The Place Beyond the Pines
Film Title: the place beyond the pines
Director: Derek Cianfrance
Starring: Ryan Gosling, Eva Mendes, Bradley Cooper, Rose Byrne, Ray Liotta, Dean DeHaan
Running Time: 140 min
Let’s just get this out of the way so you can all carry on with the rest of your lives: if it’s a spiritual sequel to Drive you’re after, you’re going to have to wait for Nicolas Winding Refn’s tremendous-looking Thai western Only God Forgives .
Don’t be fooled by the instantly iconic spectacle of peroxide Ryan Gosling on a motorbike: the second collaboration between the actor and director Derek Cianfrance is no angsty actioner but a triptych and a relay. Gosling’s lost boy carny exits after the first chapter, leaving Bradley Cooper’s cop to hold the fort.
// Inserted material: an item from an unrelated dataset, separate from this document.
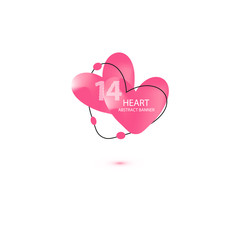 Two Hearts abstract banner collections. Organic or fluid shapes with pastel neon color design. Usable for web, social media, print, banner, backdrop, background template. Valentines day celebration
Brighter, younger things Emory Cohen and Dane DeHaan, in turn, supersede Cooper as the film’s central focus.
Cianfrance demonstrated a knack for time-lapsed character studies with his widely celebrated sophomore picture, Blue Valentine . The Place Beyond the Pines attempts something similar on a grander, intergenerational scale. Genre shifts come thick and fast: it’s a romance between Gosling and Eva Mendes; it’s a corrupt cop procedural starring Ray Liotta; it’s Kids Gone Wild with Cohen and DeHaan.
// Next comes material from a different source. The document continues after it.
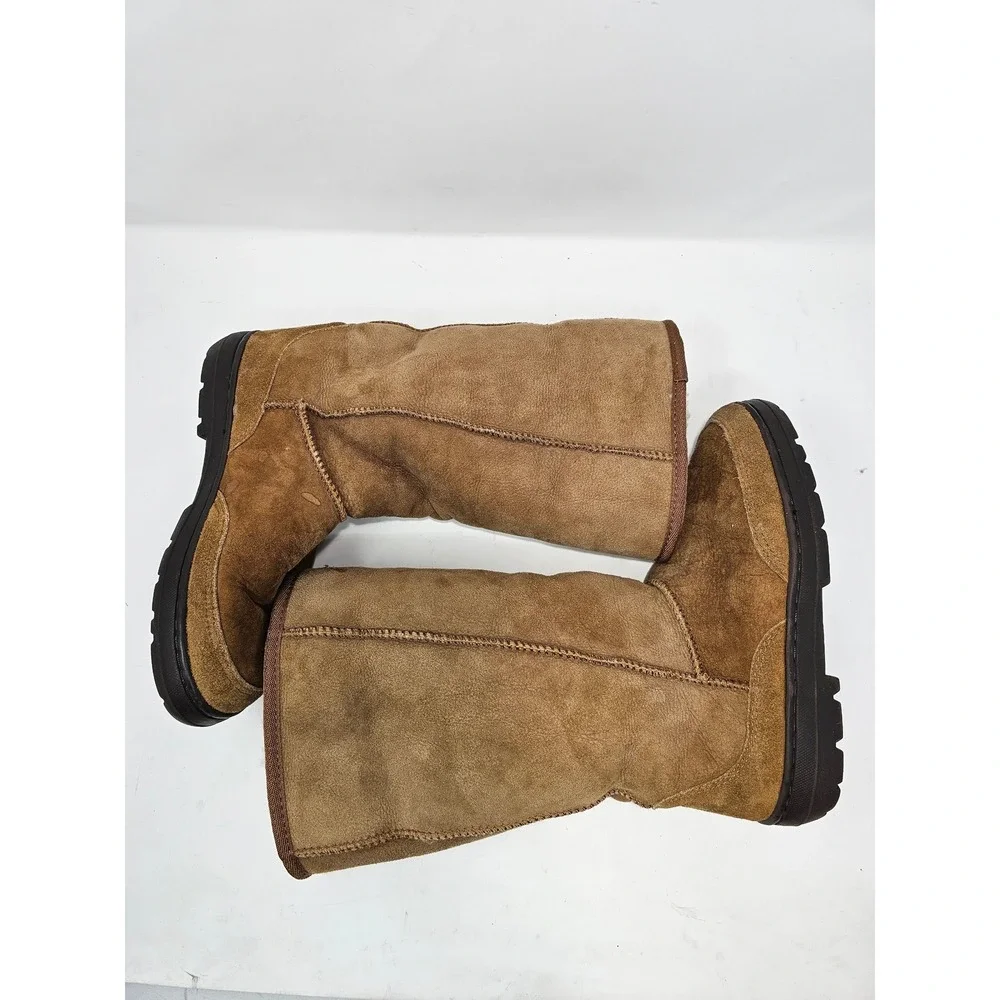Womens Brown Suede Sheepskin‎ Lined Tall Winter Boots Size 7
The director’s expanding canvas dilutes the immense emotional investment demanded by Blue Valentine . This film’s homeopathic vengeance cycle doesn’t quite wash: our time with each of the main players doesn’t allow for closeness; the lack of focus makes for longueurs.
Still, Mike Patton’s tremendous score adds considerable drama and the signifiers are lovely. If cinema hadn’t been invented just over a century ago, would Ryan Gosling and Eva Mendes even exist? What would Bradley Cooper do with him- self? Young DeHaan, the charismatic star of last year’s Chronicle , has a compelling enough screen presence to match his older colleagues.
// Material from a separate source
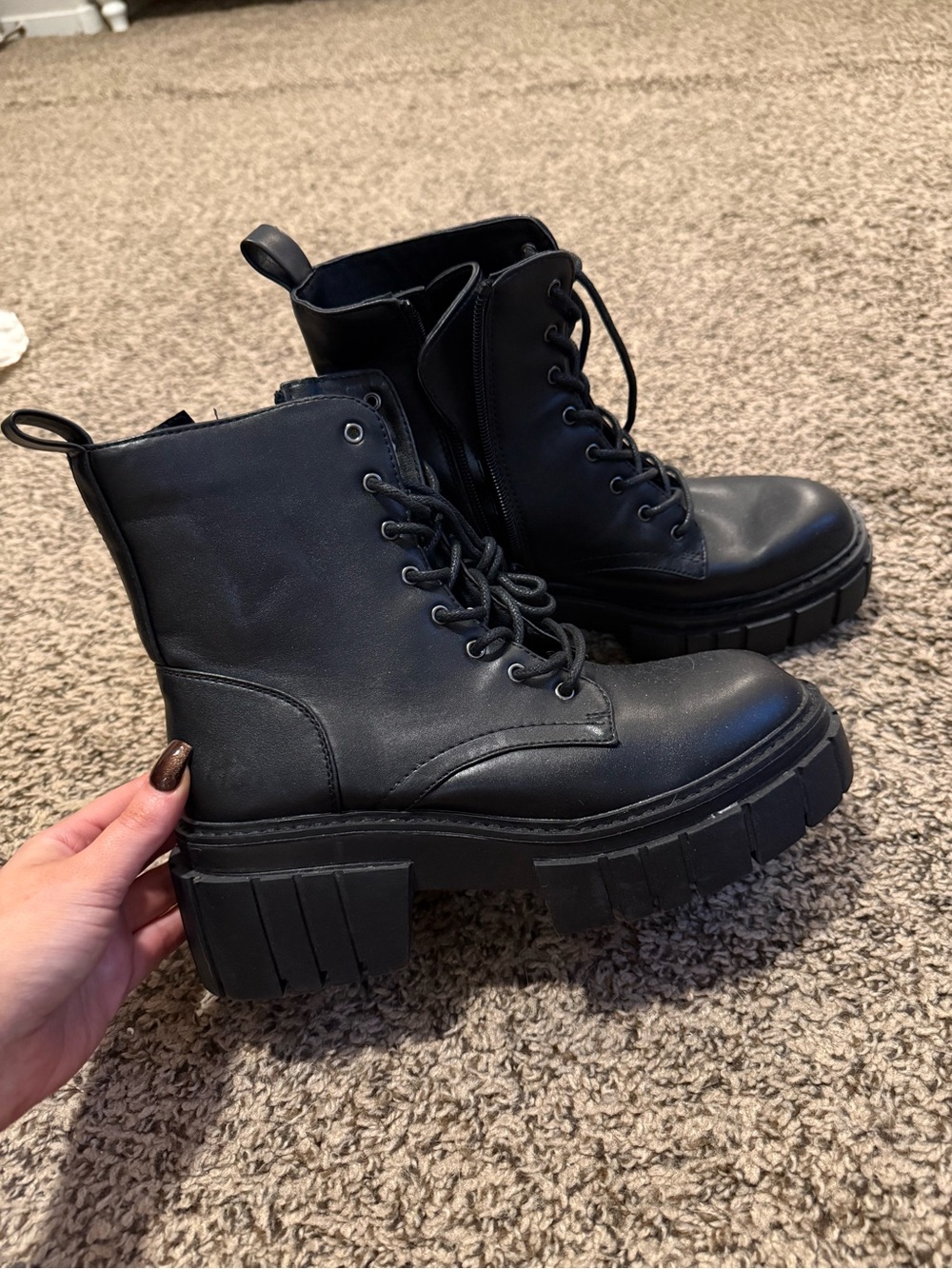 Madden Girl Black Chunky Platform Combat Boots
This is not a biker flick: it’s a handsome displaced western. Cianfrance and cinematographer Sean Bobbitt ( Hunger ) transform contemporary Schenectady, New York into a frontier territory characterised by thick virgin forests and forlorn outposts. The film’s twinned fathers – the “nogoodnik” attentive dad, the privileged neglectful one – play a Liberty Valance riff around larger issues pertaining to masculinity, America and economics.
It’s clever, and it sounds ungrateful to complain that The Place Beyond the Pines (Mohawk translation: Schenectady) is ambitious to a fault. But Cianfrance is capable of shapelier cinema than this rough- hewn curiosity.